### Exercise objective
Please, from the entries below, transcribe exactly the lines that begin at the line with "アンジュール 明るめ白髪染め" and end at the line with "Walk c151 Great", without the pictures.

### Supplied data
- - -
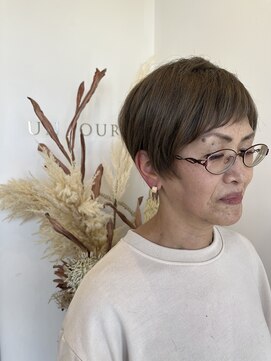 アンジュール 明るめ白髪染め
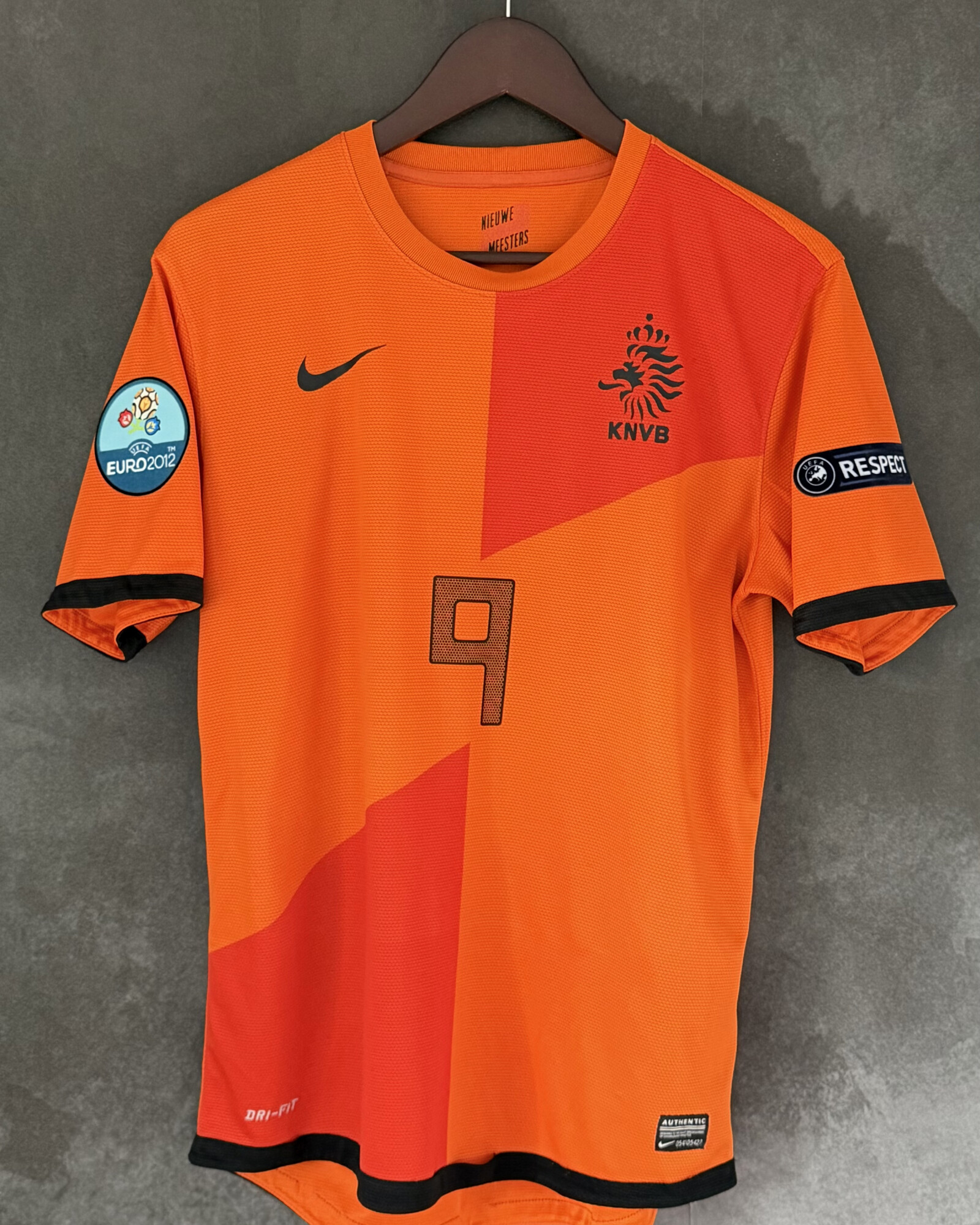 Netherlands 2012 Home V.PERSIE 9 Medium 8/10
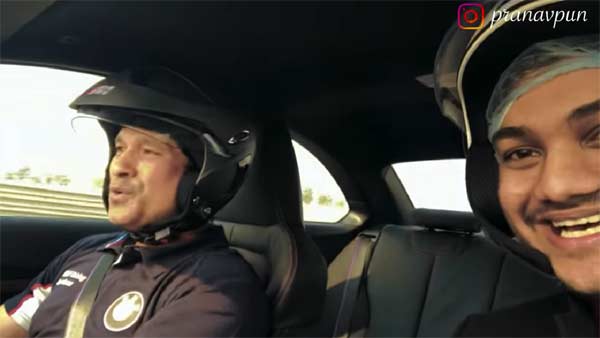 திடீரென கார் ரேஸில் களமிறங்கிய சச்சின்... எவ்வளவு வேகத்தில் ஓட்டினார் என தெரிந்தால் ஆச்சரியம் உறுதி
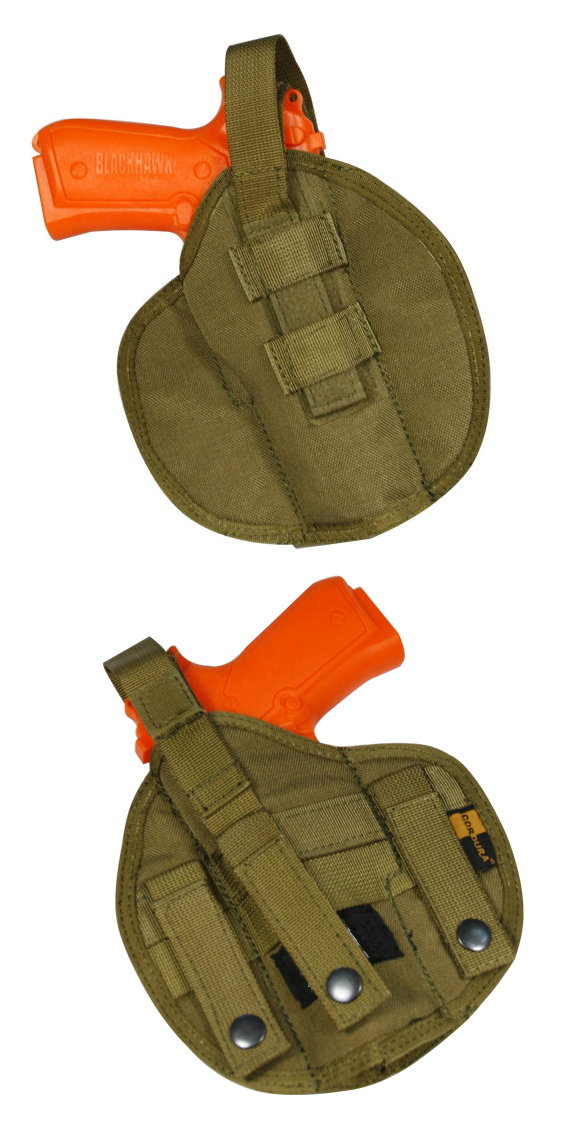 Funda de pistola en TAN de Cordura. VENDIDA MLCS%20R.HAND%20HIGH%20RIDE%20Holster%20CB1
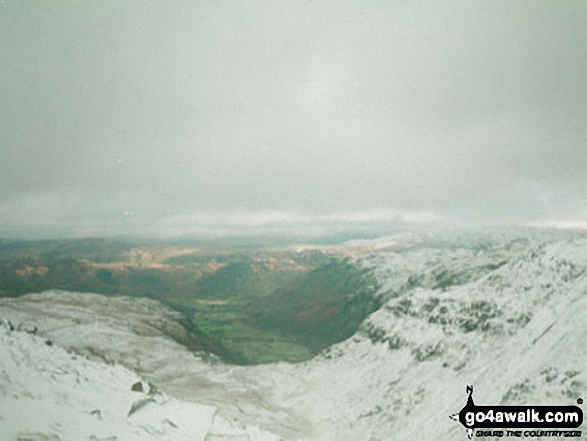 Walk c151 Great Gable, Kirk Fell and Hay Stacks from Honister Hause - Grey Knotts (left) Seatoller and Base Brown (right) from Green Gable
- - -
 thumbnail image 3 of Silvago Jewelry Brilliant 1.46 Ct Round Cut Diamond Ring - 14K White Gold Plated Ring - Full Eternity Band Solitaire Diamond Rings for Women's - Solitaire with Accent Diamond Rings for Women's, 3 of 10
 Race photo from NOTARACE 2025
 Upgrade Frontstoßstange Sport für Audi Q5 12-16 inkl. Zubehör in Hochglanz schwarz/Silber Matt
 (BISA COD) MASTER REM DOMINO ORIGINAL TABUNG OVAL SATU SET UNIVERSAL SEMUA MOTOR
- - -
### Answer below
 アンジュール 明るめ白髪染め
 Netherlands 2012 Home V.PERSIE 9 Medium 8/10
 திடீரென கார் ரேஸில் களமிறங்கிய சச்சின்... எவ்வளவு வேகத்தில் ஓட்டினார் என தெரிந்தால் ஆச்சரியம் உறுதி
 Funda de pistola en TAN de Cordura. VENDIDA MLCS%20R.HAND%20HIGH%20RIDE%20Holster%20CB1
 Walk c151 Great Gable, Kirk Fell and Hay Stacks from Honister Hause - Grey Knotts (left) Seatoller and Base Brown (right) from Green Gable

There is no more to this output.